L'ennui c'est que M. Todd n'est pas économiste mais plutôt démographe et politologue. Et que du coup il se trompe.  Ce n'est pas en renforçant le protectionnisme qu'on sortira de la crise mondiale et ce n'est pas la liberté des échanges commerciaux  qui en est la source.

 Comme nous l'avons démontré ici la cause est dans le système monétaire des changes flottants habillant une monnaie de réserve nationale non gérée comme telle, le dollar.  Ce système ne résulte pas d'une forte pensée économique mais d'un état de fait qui s'est accompagné d'une vulgate complaisante, fournie pour l'essentiel par Milton Friedman et qui s'est révélée intégralement fausse.  Cette vulgate justifie des institutions insensée comme une Banque centrale Européenne n'ayant pour fonction que de gérer l'inflation dans la zone Euro et se retrouvant à faire tout et n'importe quoi, faute de toute institution unifiée dans la conduite économique de la zone.  Elle explique que l'on sacralise les changes flottants  et les mouvements de capitaux incontrôlables, et qu'on explique doctement qu'en les laissant encore plus et mieux flotter ils reflèteront encore mieux  "la santé d'une économie".   Les changes flottants sont la résultantes pour l'essentiel (80%) d'ordres d'achats et de ventes pilotés par des programmes informatiques qui ont leur propre logique et qui engendrent une instabilité profitable pour les propriétaires de ces outils et totalement débilitante pour tous les autres agents économiques.

S'il n'y a personne pour casser cette vulgate alors l'Europe et la France seront prisonniers d'une  déflation larvée,  permanente et destructrice.

Emmanuel Todd est bien conscient qu'il faut casser ce  qui emprisonne la pensée et l'action des décideurs.  Mais il ne casse pas à l'endroit où il faut.

Nous n'avons pas à craindre la prospérité de l'Inde, de la Chine ou du Brésil, pas plus que la France n'a eu à se plaindre de la prospérité des Etats unis et des succès économiques de l'Allemagne.

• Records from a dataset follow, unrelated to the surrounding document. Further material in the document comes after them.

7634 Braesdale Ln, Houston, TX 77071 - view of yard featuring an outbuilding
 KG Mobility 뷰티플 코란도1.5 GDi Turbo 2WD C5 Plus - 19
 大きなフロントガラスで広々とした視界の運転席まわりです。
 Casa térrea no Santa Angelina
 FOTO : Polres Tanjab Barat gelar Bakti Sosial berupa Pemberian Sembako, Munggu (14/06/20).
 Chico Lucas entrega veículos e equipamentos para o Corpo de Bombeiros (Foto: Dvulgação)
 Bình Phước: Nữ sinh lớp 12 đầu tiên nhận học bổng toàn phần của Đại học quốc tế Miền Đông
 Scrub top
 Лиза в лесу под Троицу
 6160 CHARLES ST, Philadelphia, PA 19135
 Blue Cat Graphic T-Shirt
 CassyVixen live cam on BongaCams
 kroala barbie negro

Les marchés prospères ouvrent d'autres marchés prospères. Les entreprises françaises ont tout à gagner à l'expansion générale. Mais il faut que les produits s'échangent contre des produits et non pas contre des monnaies qui font le yoyo, des monnaies dévaluées artificiellement, des monnaies dont personne n'est responsable. On ne peut commercer équitablement qu'avec des pays qui équilibrent leurs échanges autour d'une valeur internationalement reconnue de leur monnaie. Equité et équilibre vont ensemble. Stabilité des changes et croissance générale aussi.

 Les états doivent donc avoir la responsabilité collective de défendre la valeur de la monnaie ce qui implique un contrôle bien plus étroit du crédit et des échanges purement financiers. 

Non il ne faut pas abandonner le capitalisme pour on ne sait quoi. Pas plus qu'il ne faut élever des murailles dans le commerce international des biens et des services. A une muraille correspondra une autre muraille et à la fin tout le monde sera pauvre.

En revanche il faut bien comprendre pourquoi l'organisation monétaire internationale ne fonctionne pas  et la réformer durablement.

Alors des états responsables pourront mettre l'emploi en tête de leurs objectifs  et les pays intelligents pourront sortir sans drame d'un "tout état " étouffant  et débilitant, en même temps que la jeunesse et la population émergeront de la désespérance actuelle. 

Didier Dufau, pour le Cercle des économistes e-toile.